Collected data
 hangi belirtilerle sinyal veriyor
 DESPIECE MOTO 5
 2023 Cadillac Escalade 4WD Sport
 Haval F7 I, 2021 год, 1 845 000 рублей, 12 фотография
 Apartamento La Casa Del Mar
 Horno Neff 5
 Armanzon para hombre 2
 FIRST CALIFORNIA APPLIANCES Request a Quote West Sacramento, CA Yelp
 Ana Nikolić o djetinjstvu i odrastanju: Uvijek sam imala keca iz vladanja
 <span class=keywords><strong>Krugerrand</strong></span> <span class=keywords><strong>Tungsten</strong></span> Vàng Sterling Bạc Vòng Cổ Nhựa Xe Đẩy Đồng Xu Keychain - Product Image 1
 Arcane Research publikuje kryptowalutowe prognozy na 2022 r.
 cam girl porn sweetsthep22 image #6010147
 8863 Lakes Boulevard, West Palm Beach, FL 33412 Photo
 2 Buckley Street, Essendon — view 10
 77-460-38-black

▸ **TASK OBJECTIVE**
All lines from the one with "Haval F7 I, 2021" through the end of the data must be repeated exactly, and nothing else may be repeated.

▸ **FINISHED EXERCISE**
 Haval F7 I, 2021 год, 1 845 000 рублей, 12 фотография
 Apartamento La Casa Del Mar
 Horno Neff 5
 Armanzon para hombre 2
 FIRST CALIFORNIA APPLIANCES Request a Quote West Sacramento, CA Yelp
 Ana Nikolić o djetinjstvu i odrastanju: Uvijek sam imala keca iz vladanja
 <span class=keywords><strong>Krugerrand</strong></span> <span class=keywords><strong>Tungsten</strong></span> Vàng Sterling Bạc Vòng Cổ Nhựa Xe Đẩy Đồng Xu Keychain - Product Image 1
 Arcane Research publikuje kryptowalutowe prognozy na 2022 r.
 cam girl porn sweetsthep22 image #6010147
 8863 Lakes Boulevard, West Palm Beach, FL 33412 Photo
 2 Buckley Street, Essendon — view 10
 77-460-38-black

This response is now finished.